By way of background: Cornell the Corporation’s newest construction project intends to pave the earth with petroleum-based artificial turf fields at a sprawling new Meinig Field House athletic complex. The plan entails a $55 million, 90,000+ square foot athletic facility on Tower Road, right under the beloved Big Red hawks’ nesting poles. The Meinig Field House would disturb 7 acres of land (much of it currently real, live grass) to install a field house carpeted indoors and out with controversial toxic synthetic turf. (It is ironically sited across the road from the under-construction Atkinson Center, which aims to reduce climate risk and accelerate the energy transition.) Additional artificial turf fields are proposed for Game Farm Road. 

Like countless scientists, governments, parents, and Ithacans, you might think this plan requires serious consideration of health, ecological, and climate impacts. Not Cornell the Corporation. The “research summary” they commissioned argues that no such considerations are needed, relying on an embarrassing collection of Big Oil disinformation techniques. And yes, this is Big Oil. Artificial turf is a petroleum-based product that comes from fossil fuels, profits fossil fuel vendors, and is marketed by fossil fuel copywriters.

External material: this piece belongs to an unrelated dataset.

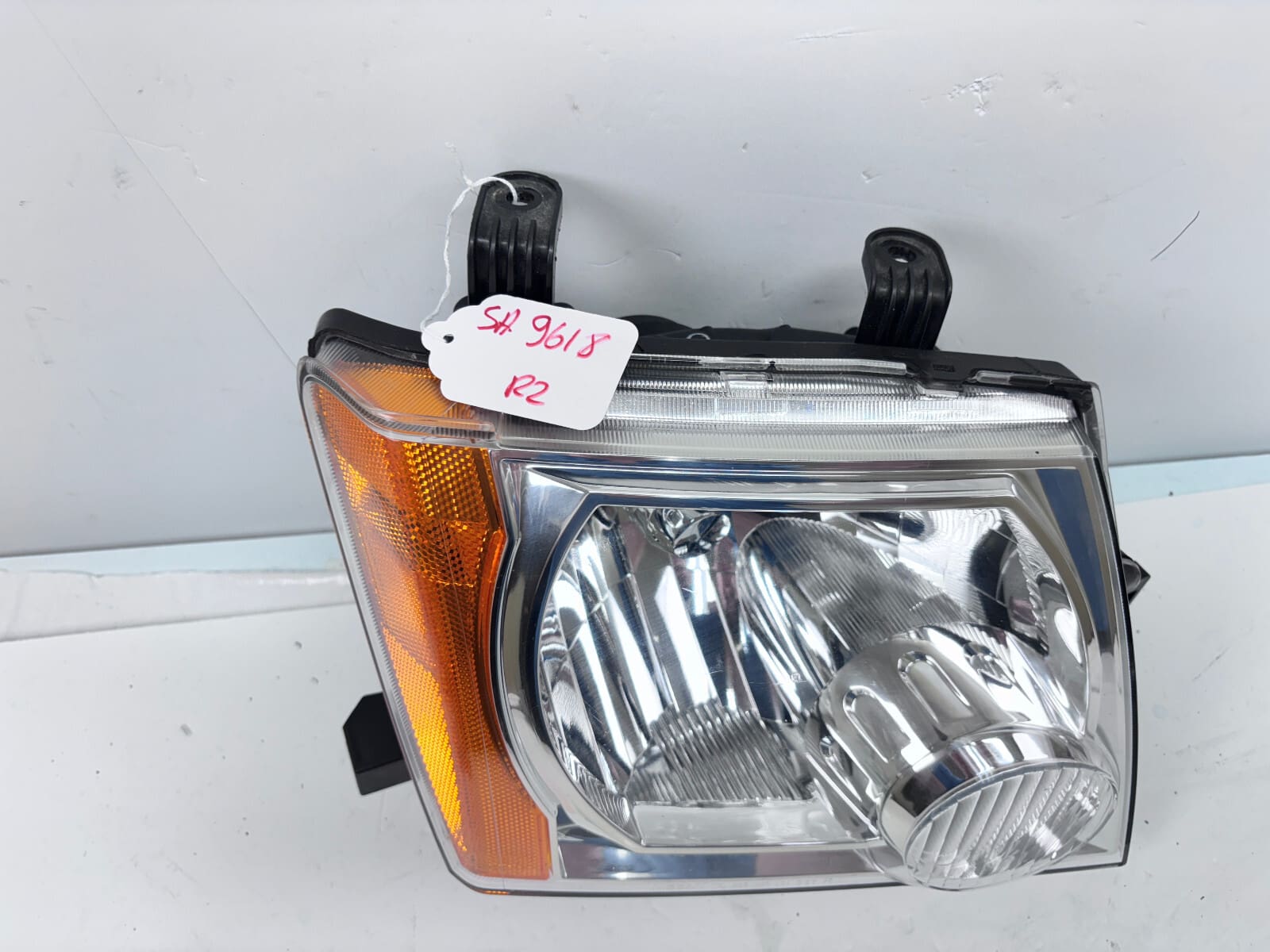 2005-2015 Nissan Xterra Halogen Front Right OEM Headlight - Image 13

Here’s an incomplete collection of absurdities from the report (read a fuller analysis here):

(1) Despite its claim to "summarize” the evidence, the letter does not review a single research study from the voluminous literature pointing to harmful health and ecological impacts of artificial turf. Cornell the Corporation: If you want to undertake a good-faith review of the scientific evidence on the health, environmental, and climate impacts of artificial turf, then why don’t you ask impartial scientists to provide a research review, instead of an industry consulting firm? 

(2) After pointing out the need to rely on peer reviewed scientific literature and claiming that “peer reviewed scientific studies were used to support the conclusions developed in this memorandum,” the consultants authoring the letter then go on to rely heavily on two industry reports (by TetraTech and TRC Companies) and a set of independent lab tests (Labosport) that were not peer-reviewed scientific research. Cornell the Corporation: Reports conducted by or for the synthetic turf industry should not be considered on par with peer-reviewed scientific research, in part because (shockingly) industry has a profit motive in undertaking research.

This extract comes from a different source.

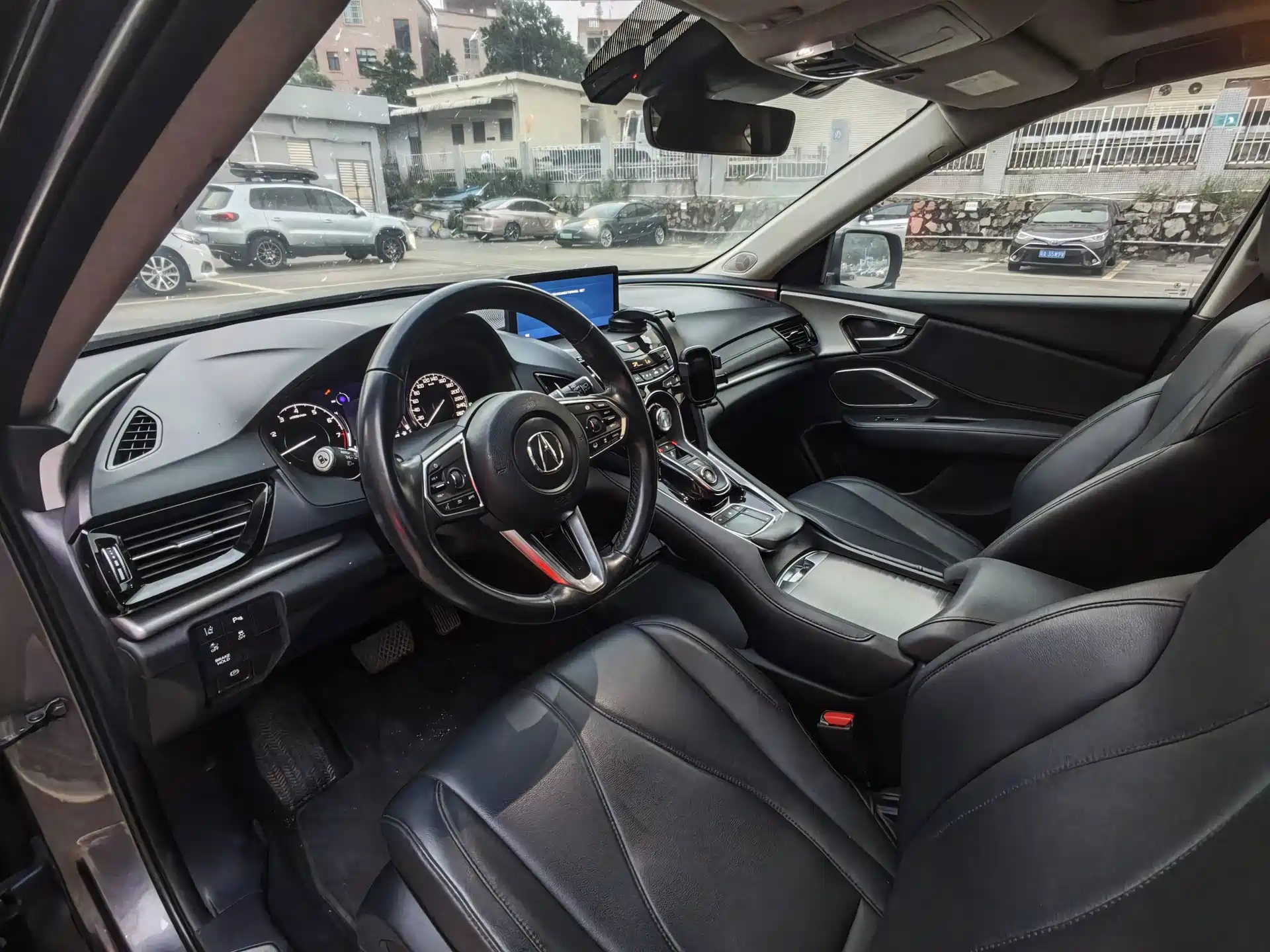 Photo 8 - Acura RDX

(3) The informational letter argues that PFAS “forever chemicals” contamination from artificial turf is unproblematic because – get ready – their industry tests indicated that synthetic turf contains PFAS compounds at lower concentrations than background conditions in soil. In other words: because the soil is already so contaminated, further contamination doesn’t matter. Please note: PFAS are not naturally occurring substances. Cornell the Corporation: That’s not how pollution works, and it’s not how science works. Unless PFAS pollution follows a uniquely nonlinear dose-response relationship where additional impacts become zero once you’ve already reached a certain level of pollution, we have every reason to expect that more pollution will be more harmful, both for humans and the environment (not to mention the athletes playing on those fields).

More pernicious yet: this argument is designed to deny accountability for past and future pollution. Current levels of background soil contamination are so high precisely because the industry hasn’t been regulated. High levels of contamination in soil and water provide urgent evidence for the need to start regulating industry now – not evidence that further industry contamination doesn’t matter. Cornell the Corporation: Are you going to take a public stand that additional PFAS contamination doesn’t matter because industry has already contaminated so much? Will you pay for municipal water filtration to remove the PFAS, lead, zinc, cobalt, benzo(a)pyrene, and countless other studied and unstudied toxins leaching from artificial turfs into soil and groundwater?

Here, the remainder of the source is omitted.